From Casetext: Smarter Legal Research

Paige G.P. v. O'Malley

United States District Court, N.D. New York
Mar 18, 2024
5:23-CV-502 (GTS/DJS) (N.D.N.Y. Mar. 18, 2024)

Opinion

5:23-CV-502 (GTS/DJS)

03-18-2024

PAIGE G.P., Plaintiff, v. MARTIN O'MALLEY[1], Defendant.

LAW OFFICES OF KENNETH HILLER, PLLC JUSTIN GOLDSTEIN, ESQ. Attorney for Plaintiff U.S. SOCIAL SECURITY ADMIN. OFFICE OF GENERAL COUNSEL HEETANO SHAMSOODAR, ESQ. Attorney for Defendant


APPEARANCES: OF COUNSEL:

LAW OFFICES OF KENNETH HILLER, PLLC

JUSTIN GOLDSTEIN, ESQ.

Attorney for Plaintiff

U.S. SOCIAL SECURITY ADMIN.

OFFICE OF GENERAL COUNSEL

HEETANO SHAMSOODAR, ESQ.

Attorney for Defendant

REPORT-RECOMMENDATION AND ORDER

This matter was referred to the undersigned for a report-recommendation pursuant to 28 U.S.C. § 636(b) and N.D.N.Y.L.R. 72.3(c).

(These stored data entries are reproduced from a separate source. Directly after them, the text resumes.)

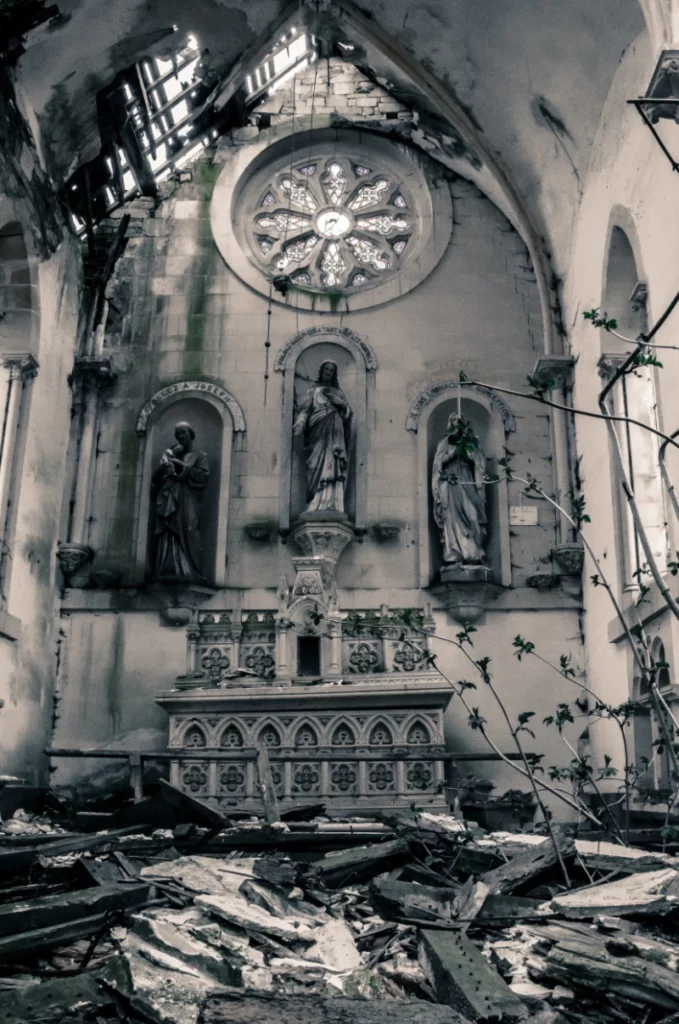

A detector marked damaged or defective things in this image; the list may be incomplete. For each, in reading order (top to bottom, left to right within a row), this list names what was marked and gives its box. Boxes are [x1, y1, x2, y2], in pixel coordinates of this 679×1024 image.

broken plank [313, 839, 409, 888]
broken plank [481, 835, 577, 892]
broken plank [0, 876, 150, 937]
broken plank [201, 987, 471, 1019]
broken wooden beam [419, 933, 524, 1019]
broken plank [417, 929, 528, 1015]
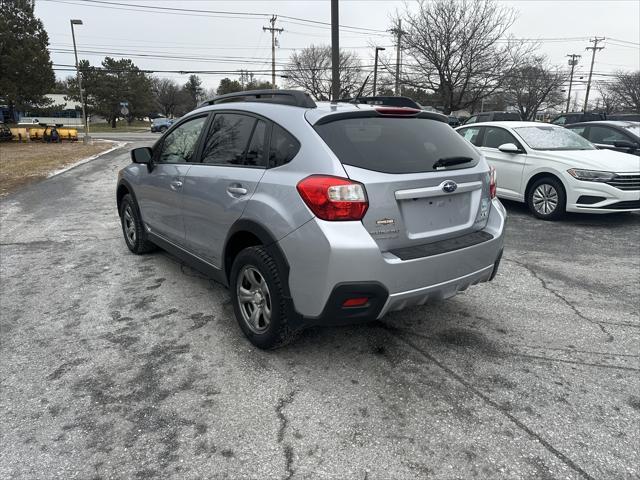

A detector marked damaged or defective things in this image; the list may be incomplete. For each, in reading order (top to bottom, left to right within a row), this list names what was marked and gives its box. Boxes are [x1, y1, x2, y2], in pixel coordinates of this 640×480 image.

cracked asphalt [0, 140, 636, 480]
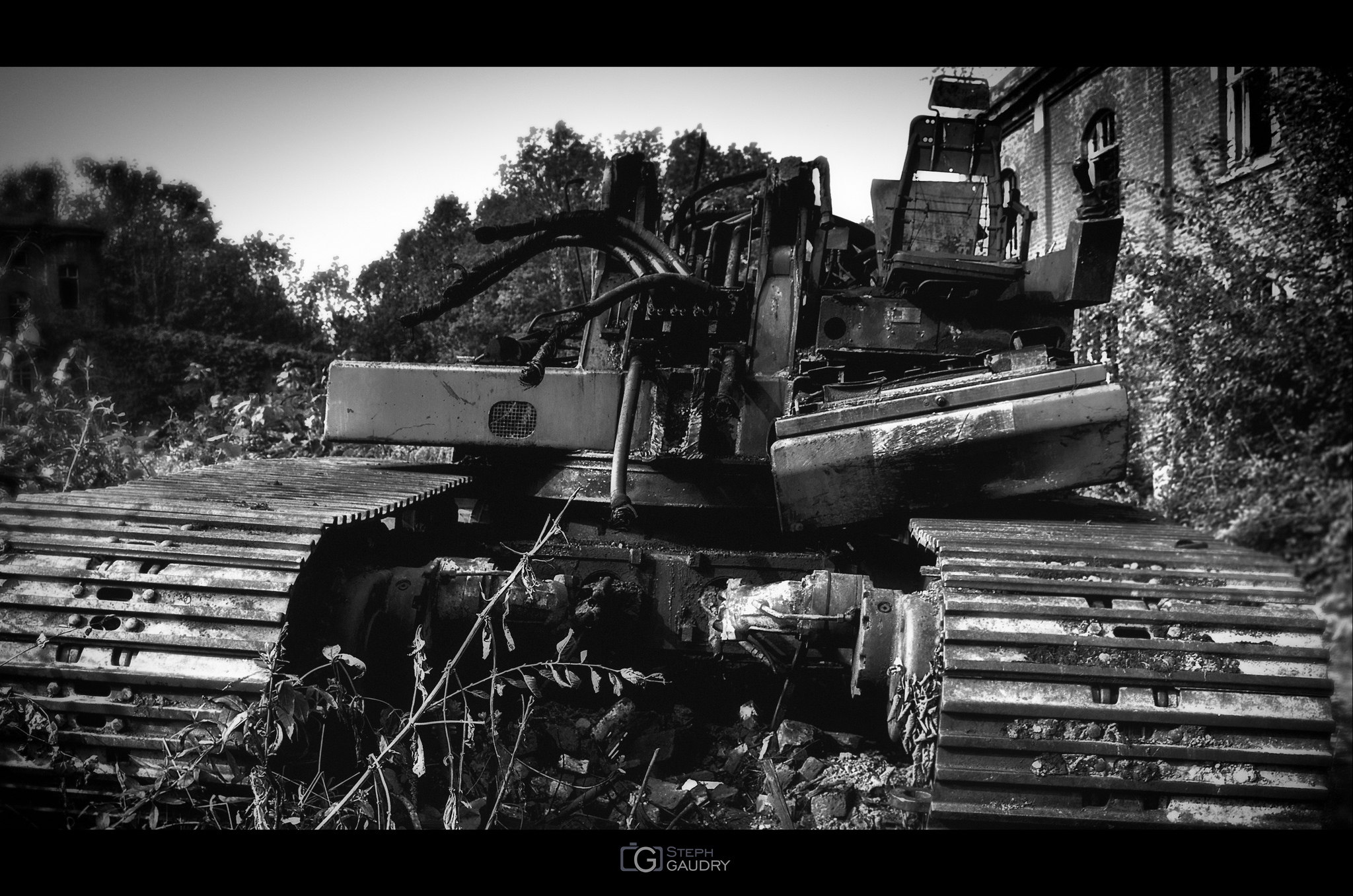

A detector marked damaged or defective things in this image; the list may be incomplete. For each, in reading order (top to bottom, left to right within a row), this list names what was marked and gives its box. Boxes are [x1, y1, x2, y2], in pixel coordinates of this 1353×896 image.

rusted metal track [0, 460, 465, 824]
rusted metal track [909, 512, 1332, 829]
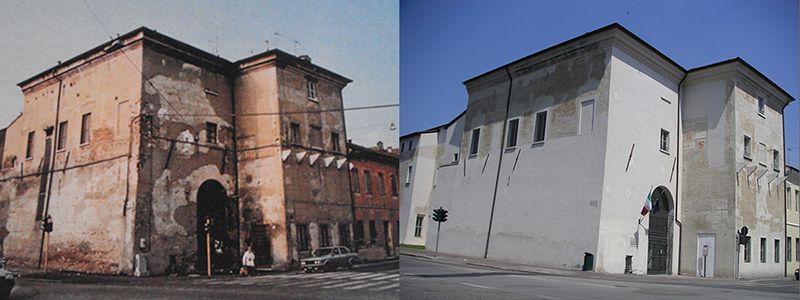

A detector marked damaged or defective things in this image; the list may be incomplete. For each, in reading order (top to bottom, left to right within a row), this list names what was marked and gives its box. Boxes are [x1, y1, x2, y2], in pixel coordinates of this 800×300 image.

old building with peeling plaster [0, 27, 356, 276]
old building with peeling plaster [424, 23, 792, 278]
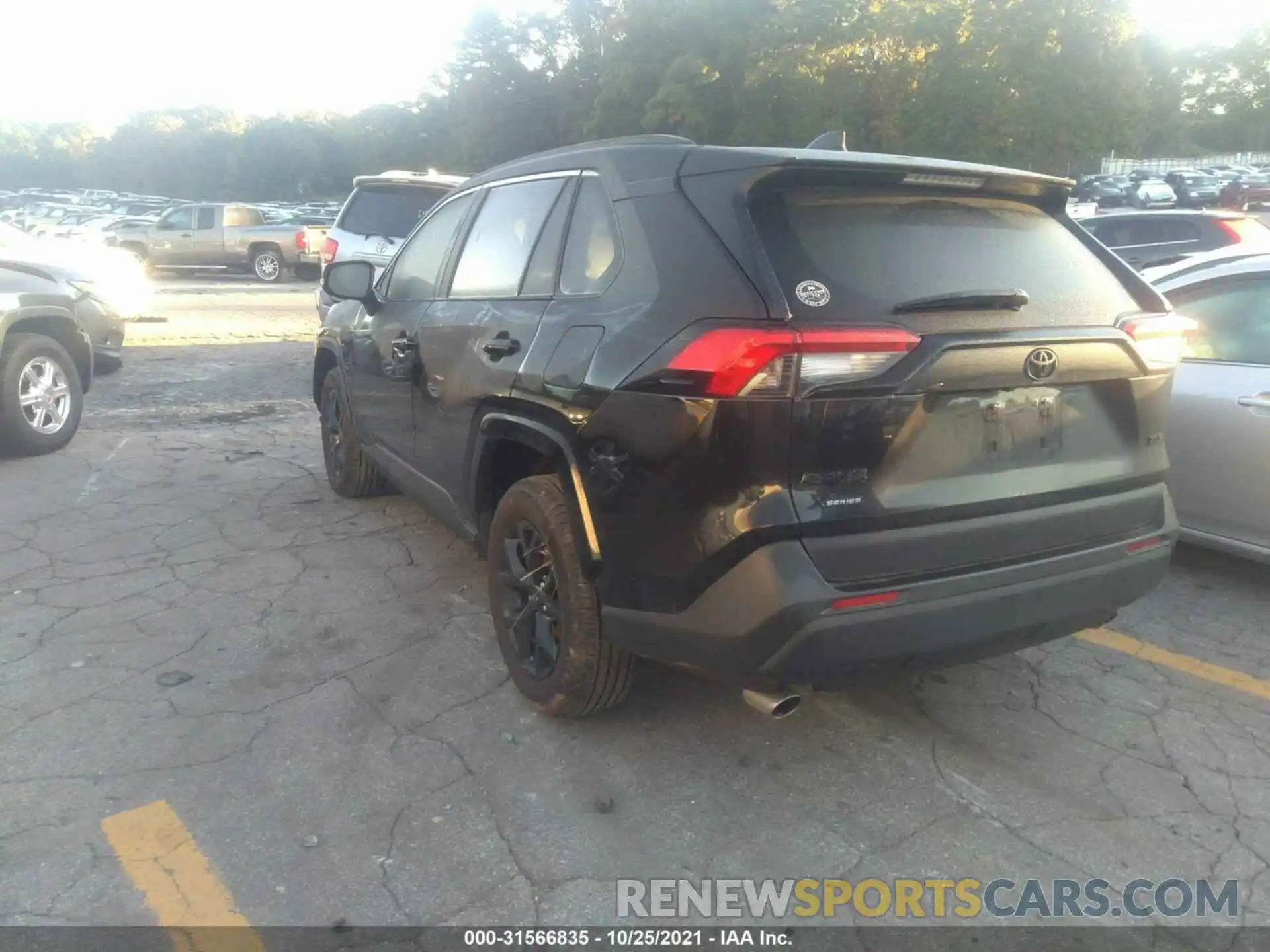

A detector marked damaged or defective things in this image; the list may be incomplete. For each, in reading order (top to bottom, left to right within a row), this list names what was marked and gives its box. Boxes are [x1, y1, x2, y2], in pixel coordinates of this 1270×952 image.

cracked asphalt [2, 275, 1270, 931]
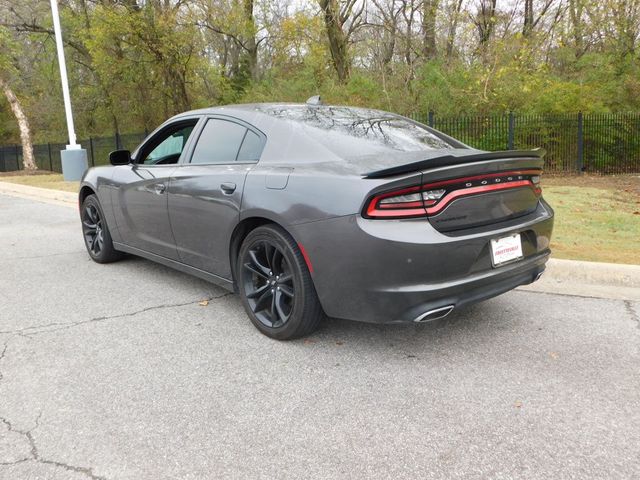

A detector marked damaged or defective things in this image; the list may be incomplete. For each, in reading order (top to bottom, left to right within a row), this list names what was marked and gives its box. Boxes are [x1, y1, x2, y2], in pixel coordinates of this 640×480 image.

DANIEL J. STEWART, United States Magistrate Judge

Plaintiff brought this action pursuant to 42 U.S.C. § 405(g) seeking review of a decision by the Commissioner of Social Security that Plaintiff was not disabled. Dkt. No. 1. Currently before the Court are Plaintiff's Motion for Judgment on the Pleadings and Defendant's Motion for Judgment on the Pleadings. Dkt. Nos. 12, 16-17. For the reasons set forth below, the Court recommends that Plaintiff's Motion for Judgment on the Pleadings be granted and Defendant's Motion be denied.

I. RELEVANT BACKGROUND

A. Background

Plaintiff was born in 1993. Dkt. No. 9, Admin. Tr. (“Tr.”), p. 295. Plaintiff reported having completed an Associate's Degree in photography. Tr. at p. 37. The ALJ found that Plaintiff had past work experience as a scanner operator and a customer service coordinator. Tr. at p. 25; see also Tr. at pp. 37-39. Plaintiff alleged disability based upon degenerated spinal stenosis, lower back issues, Fibromyalgia, depression, anxiety, PCOS Polycystic ovary syndrome, Hypothyroidism, and Sclerosis. Tr. at p. 299. Plaintiff applied for disability and disability insurance benefits and supplemental security income benefits in January 2020. Tr. at pp. 142-143. She alleged a disability onset date of April 12, 2020. Tr. at p. 64. Plaintiff's application was initially denied on April 1, 2021, Tr. at pp. 150-159, and upon reconsideration on September 24, 2021. Tr. at pp. 162-177. She then requested a hearing before an Administrative Law Judge (“ALJ”). Tr. at pp. 178-179. The hearing took place before ALJ Jennifer Smith on April 12, 2022, at which Plaintiff and a vocational expert testified. Tr. at pp. 33-63. On May 9, 2022, the ALJ issued a written decision finding Plaintiff was not disabled under the Social Security Act. Tr. at pp. 14-27. On April 14, 2023, the Appeals Council denied Plaintiff's request for review, making the ALJ's decision the final decision of the Commissioner. Tr. at pp. 1-6.

B. The ALJ's Decision

In her decision, the ALJ made the following findings of fact and conclusions of law. First, the ALJ found that Plaintiff had not engaged in substantial gainful activity since April 12, 2020, the alleged onset date. Tr. at p. 16. Second, the ALJ found that Plaintiff had the following severe impairments: obesity, status post left decompressive hemilaminectomy at ¶ 3-4 and L4-5, degenerative changes and stenosis and scoliosis in the lumbar and thoracic spine, left paracentral disc herniations at ¶ 7-8 and T9-10, history of cervical spondylosis, fibromyalgia and status post gastric bypass. Tr. at p. 17. Third, the ALJ found that Plaintiff does not have an impairment or combination of impairments that meets or medically equals one of the listed impairments in 20 C.F.R. § 404, Subpart P, App. 1 (the “Listings”). Tr. at pp. 19-20. Fourth, the ALJ found that Plaintiff has the residual functional capacity (“RFC”)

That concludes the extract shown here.